Work task: The lines below must be transcribed exactly as given, with the images removed.

Input data:
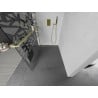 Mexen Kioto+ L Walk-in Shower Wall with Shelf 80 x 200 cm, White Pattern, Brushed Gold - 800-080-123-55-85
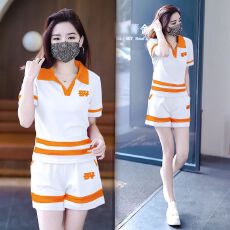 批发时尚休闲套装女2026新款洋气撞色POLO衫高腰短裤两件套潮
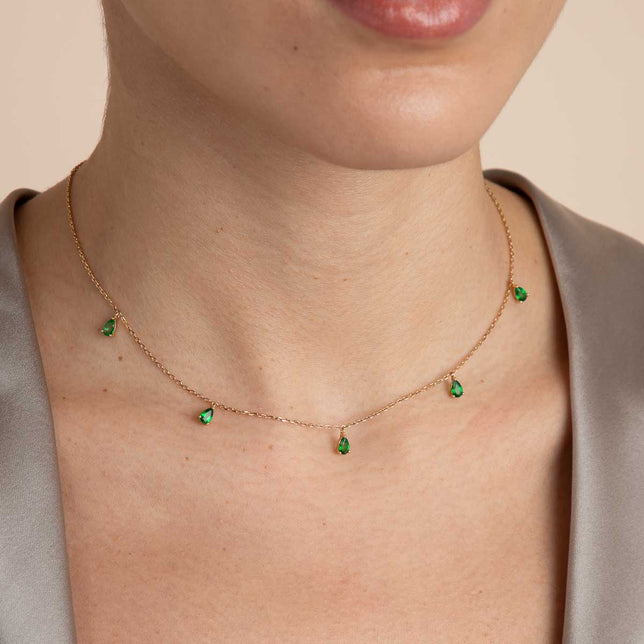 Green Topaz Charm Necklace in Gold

Task response:
 Mexen Kioto+ L Walk-in Shower Wall with Shelf 80 x 200 cm, White Pattern, Brushed Gold - 800-080-123-55-85
 批发时尚休闲套装女2026新款洋气撞色POLO衫高腰短裤两件套潮
 Green Topaz Charm Necklace in Gold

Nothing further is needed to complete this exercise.